Before I became a photographer, I was an oncology nurse. I should also state that I am a father of three daughters. I am acutely aware that these young bodies that we all inhabit cannot be maintained. From the moment we are born, we are slowly moving towards our inevitable end.

“We are all slowly aging out,” as my good friend Victory Tischer-Blue told me when I was writing this article. Victory is the former bass player with the 1970s teenage all-girl band The Runaways and she knows intimately how society treats aging beauty. It is the nature of things, and we all have the disease called mortality. No matter how often we exercise, how healthy we eat, and whether we avoid smoking and drinking the result is always the same. We can only hold off the grey hairs, sagging skin, and wrinkles for so long. Age will catch us all and nobody is impervious, even for the likes of an extremely popular model who was desired by every man and envied by every woman.

So why are we so hard on Pamela Anderson and other “pretty women” like Julia Roberts, Madonna, Nicole Kidman, and Goldie Hawn? The list goes on and on.

What is really evident is that there is some double standard for women that does not apply to men. Richard Gere, Sean Connery, George Clooney, and Brad Pitt are just some of the leading men who are “aging gracefully” while their female counterparts are ripped to shreds for showing any signs of getting older.

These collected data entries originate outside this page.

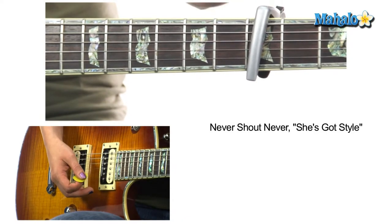What's going on guys, this is Jen. We're gonna be doing 'She's Got Style' by Never Shout Never — a very, very requested song, so this is for all y'all that wrote in and requested this. Capo on the third fret.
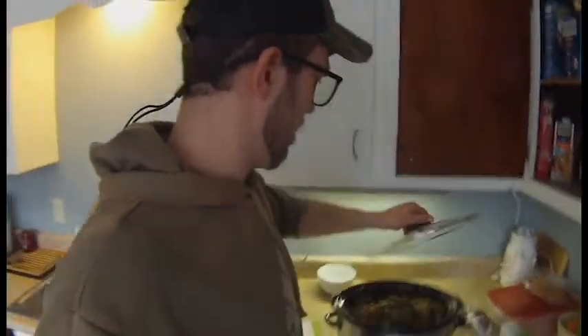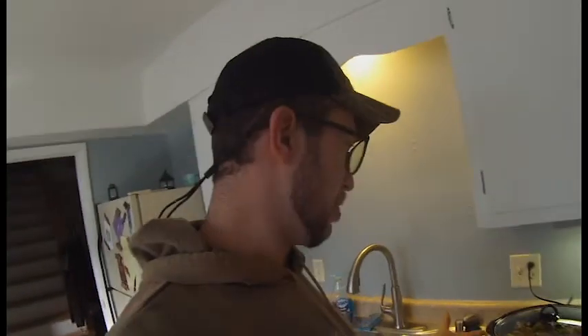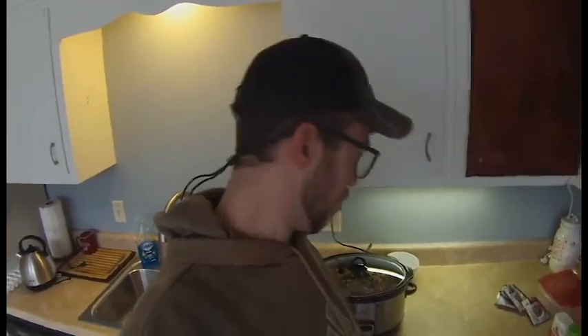Now we're going to throw the lid on the crock pot, make sure it's plugged in, and set it on low power for eight hours. We'll come back and check it out at around 6 p.m. We're actually going to serve this dish over some rice that I boil on the stovetop. It's going to be juicy — I'll see you guys in a bit. Let's see how it turns out.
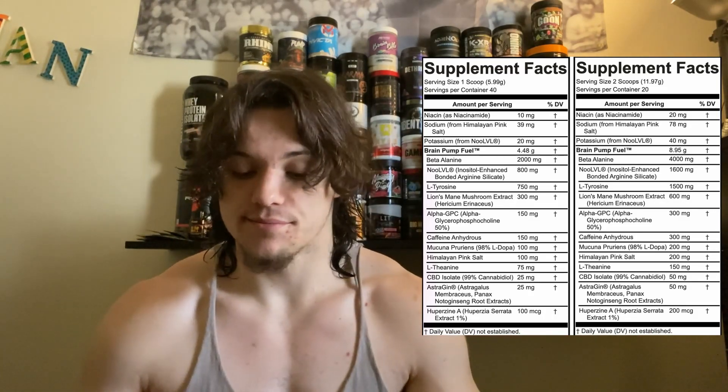Then they give us Himalayan pink salt at 200 milligrams. This gives you a little bit of sodium back — we lose a couple grams of salt when we work out, so getting some back into your system helps replenish what you lose, aids the pumps, and is just good to have when you're working out regularly.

A mature man with gray hair, wearing glasses, a black suit, white shirt, and black tie, smiling in front of a red backdrop with white text.
Richard Gere. Photo: Pictorial Press Ltd / Alamy.
An older man with a receding hairline, white beard, and mustache is wearing a black tuxedo with a bow tie, standing and smiling slightly against a blurred dark background.
Sean Connery. Photo: Moviestore Collection Ltd / Alamy.
Two men in light-colored suits stand side by side, smiling, in front of a blue backdrop with white logos and text from the Venice International Film Festival.
George Clooney (left) and Brad Pitt (right). Photo: Kristina Afanasyeva / Alamy.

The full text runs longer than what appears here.